(From this week's Church Times:)
My ELDER daughter needs braces for her teeth — or so she argues. She sat me down in front of a cringe-making American promotional DVD for a “revolutionary new design in orthodontic technology”. Plastic women with perfect gnashers insisted that buying these braces, and hence perfect teeth, was the most important investment I could ever make in my child’s future.
More persuasively, our dentist has said something similar. My daughter looked up at me, wide-eyed. Pleeeease. Then I looked at the cost. How much? You must be joking. The price was astronomical.
Yet my wife and I agreed, not knowing where we would get the money from. Thankfully, the grandparents have stepped in with their chequebook — for which I am enormously grateful. But I cannot help reflecting on the morality of the whole thing. The money spent on these braces could feed a hungry family for months.
By coincidence, I have just been reading a brilliant essay by the American lawyer and philosopher Paul Kahn. He makes the following striking claim: “Love is a model of injustice. . .

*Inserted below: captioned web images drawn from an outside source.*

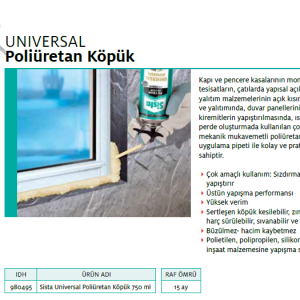 SİSTA PU KÖPÜK 750ml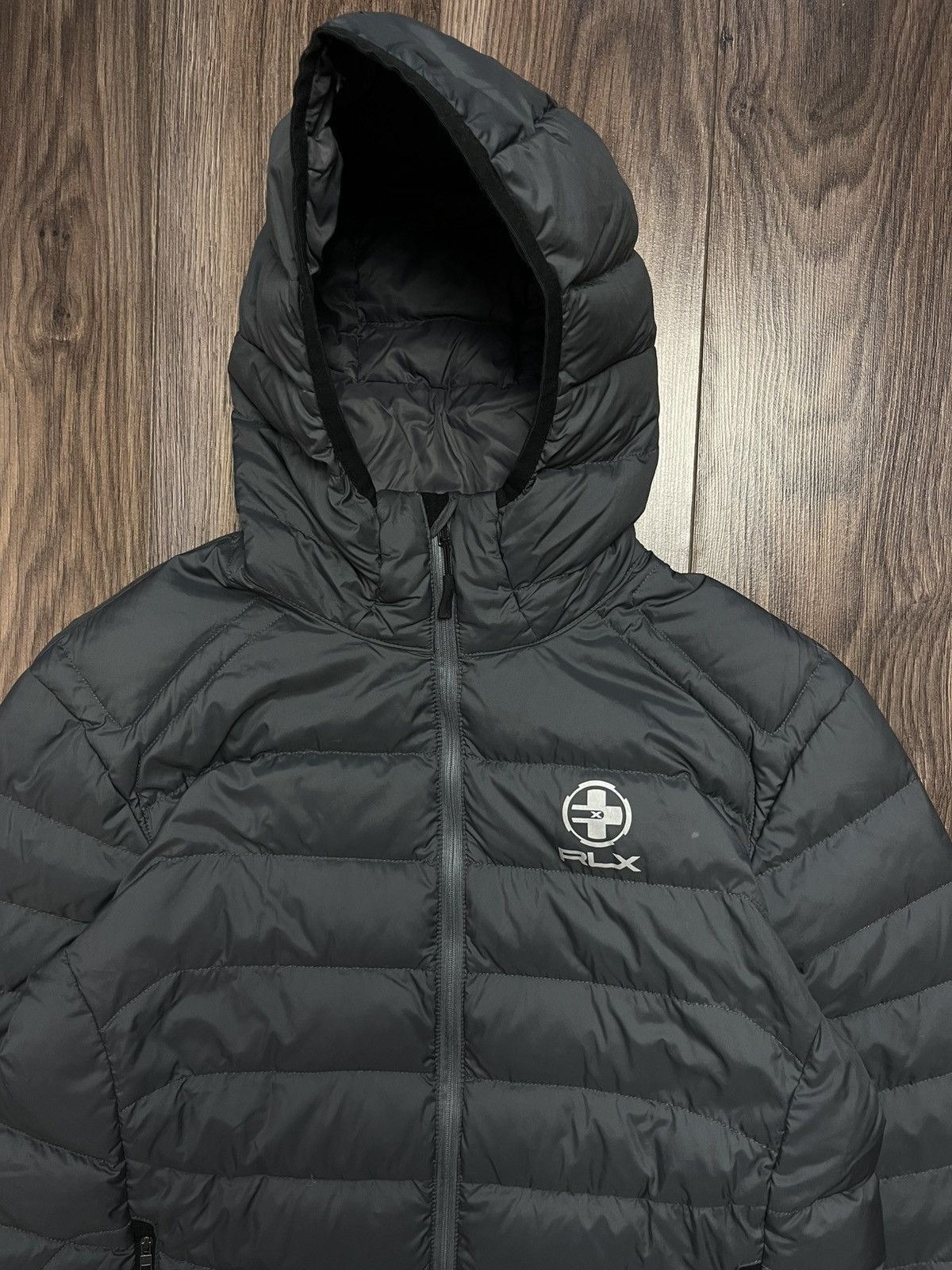 Ralph Lauren RLX Packable Quilted Down 730 Fill Hooded Jacke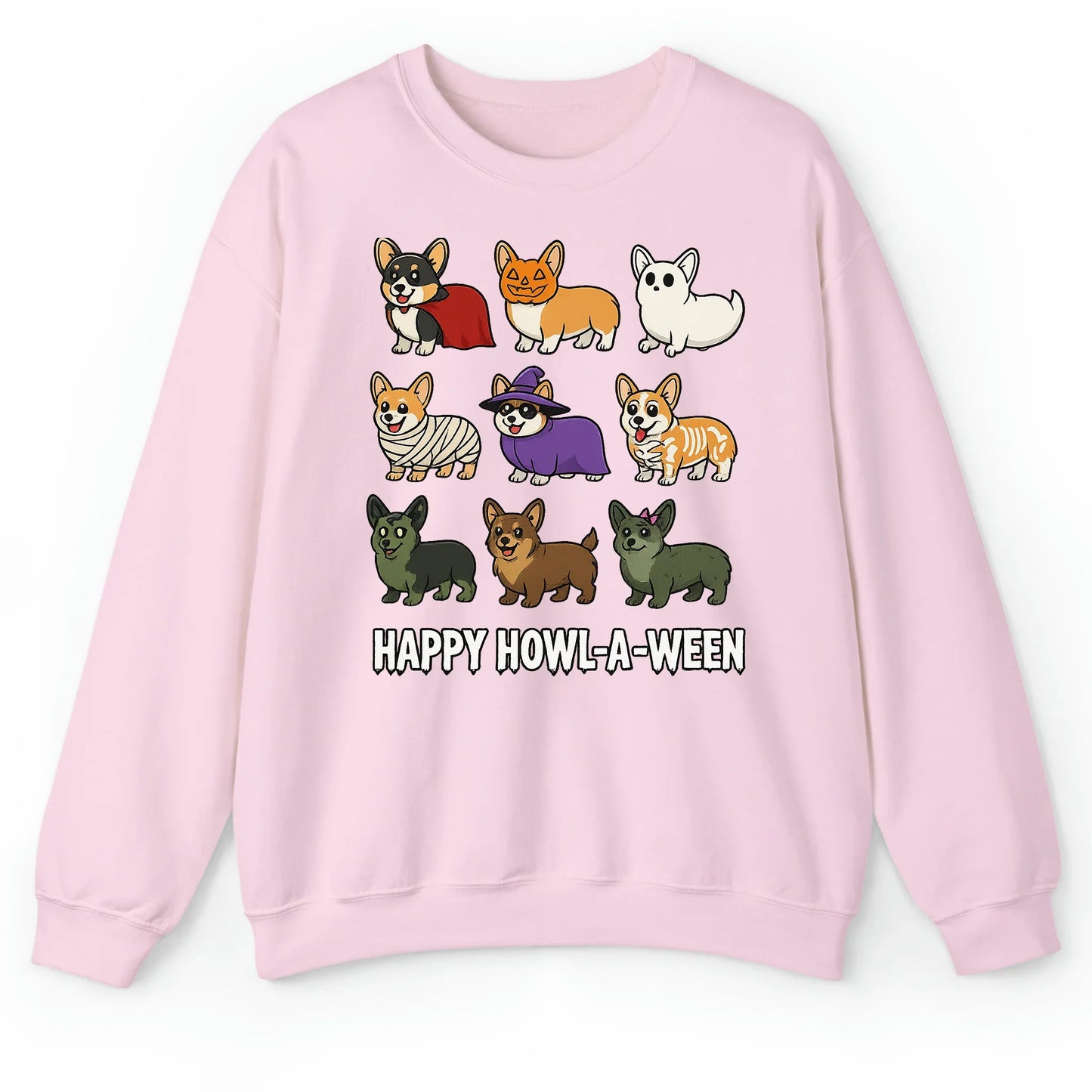 Corgi Halloween T-Shirt – Happy Howl-a-ween Graphic Gift for Dog Lovers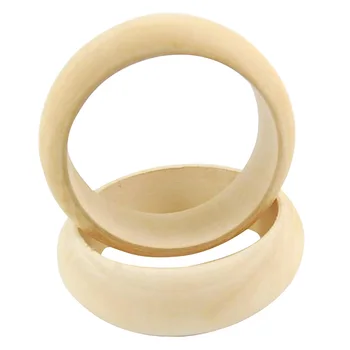 

2 Pieces Untreated Wood DIY Bracelet Necklace Self-Nifty Bangle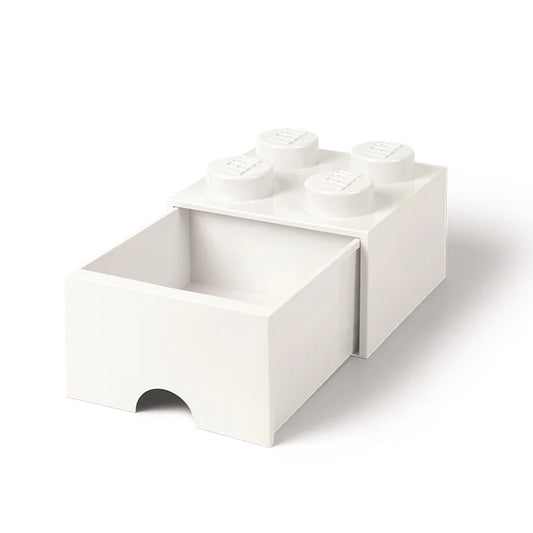 Lego Storage Drawer 4 Knobs White (7630088765639)
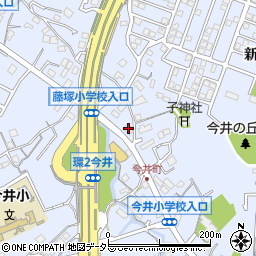 ファミリーマート横浜今井町店周辺の地図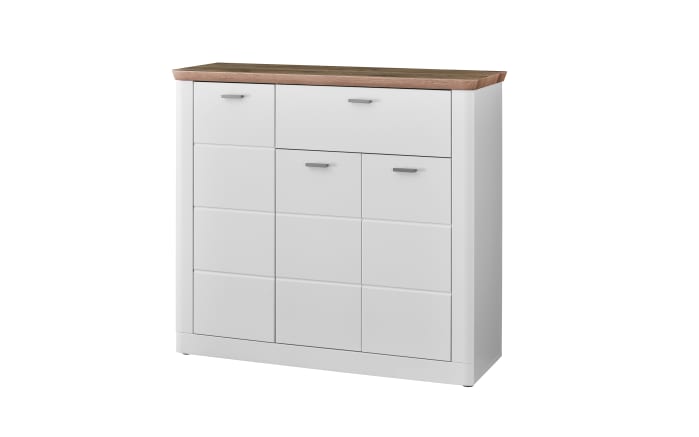 Kommode Recess, weiß/Nox Oak-Nachbildung-01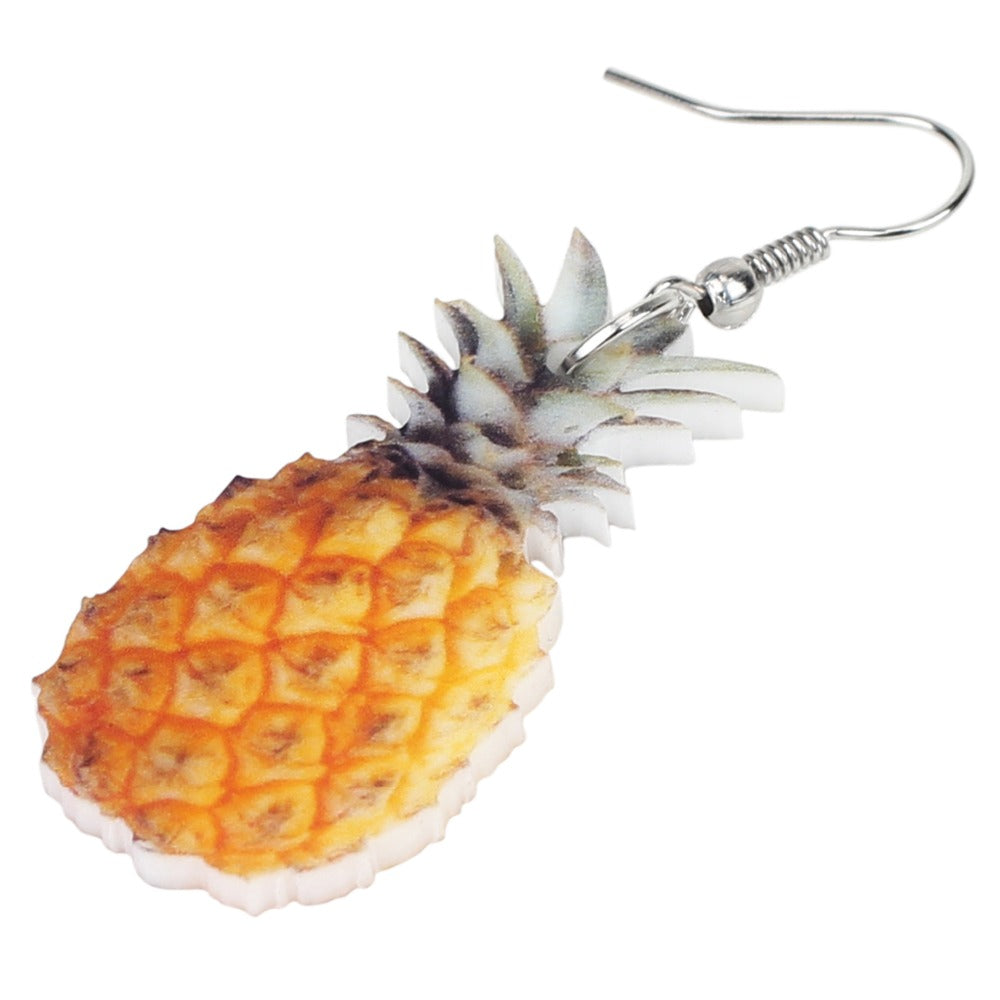 Pineapple Acrylic Drop Earrings for Summer by HitMyNeed
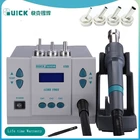 Оригинальный 1000W220110V быстрая 861DW Тепловая пушка свинца горячий воздух паяльная станция контроллер температуры микрокомпьютера паяльная станция + 7 насадка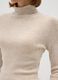 Beige cotton blend turtleneck regular fit_3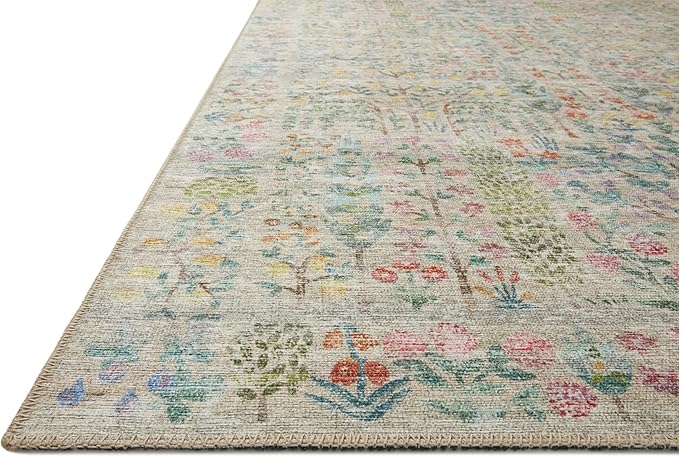 Loloi Rifle Paper Co. Maison Collection MAO-07 Khaki 2'-6" x 7'-6", .19" Pile Height, Runner Rug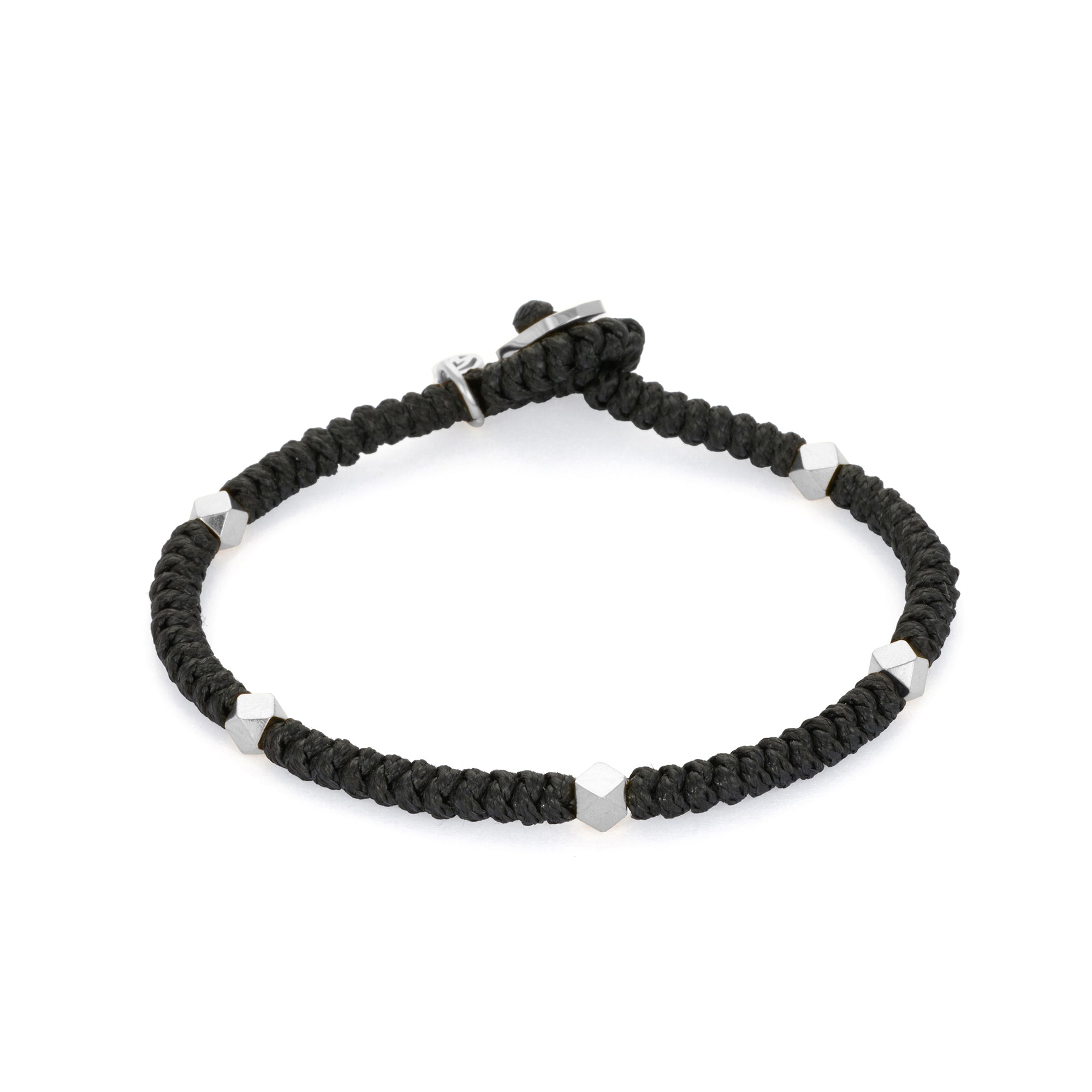 Snake Knot Bracelet In Silver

“As a father, I am unresponsive to a claim that other children may make a more just demand upon my recourses. I remain unresponsive, even as I acknowledge that those resources are the product of social and legal constructions that are themselves unfair” (from an essay, “Evil and European Humanism”).
This was exactly my situation with respect to these expensive braces.
Christians often work under the assumption that there is an easy compatibility between the claims of love and the demand for justice. But it is not so. Justice demands that we treat people without favour or bias; that there must be a basic fairness in the way we distribute resources.
Yet families are fundamentally not fair. We spend most of their resources on ourselves. In The Republic, Plato argued that we ought to reorder the very idea of the family on the basis of justice, and he proposed communal families.
There speaks a man who had no children himself.
The Christian task is to press towards a state of affairs where we combine the universalism of justice and the particularism of parental love. Yet we know, realistically, that that is the God’s-eye perspective — to love all people with the passionate love of a father.
For most of us, the demands of love and justice are never going to be fully integrated. The best we can do is to expand the range of our love by constantly seeking to exercise it. Marriage must not be selfishness for two, or families selfishness for three or more.
Yet young Miss Fraser will have nice teeth, and some children will have no food. Lord, have mercy.
1 comment:
THis is food for thought, but it also assumes a zero-sum game - that there isn't enough for everyone. Jesus' model is most certainly NOT a zero sum game, in his model there is enough for everyone - hence no injustice. There is money enough for FOOD and BRACES for every child that needs either or both.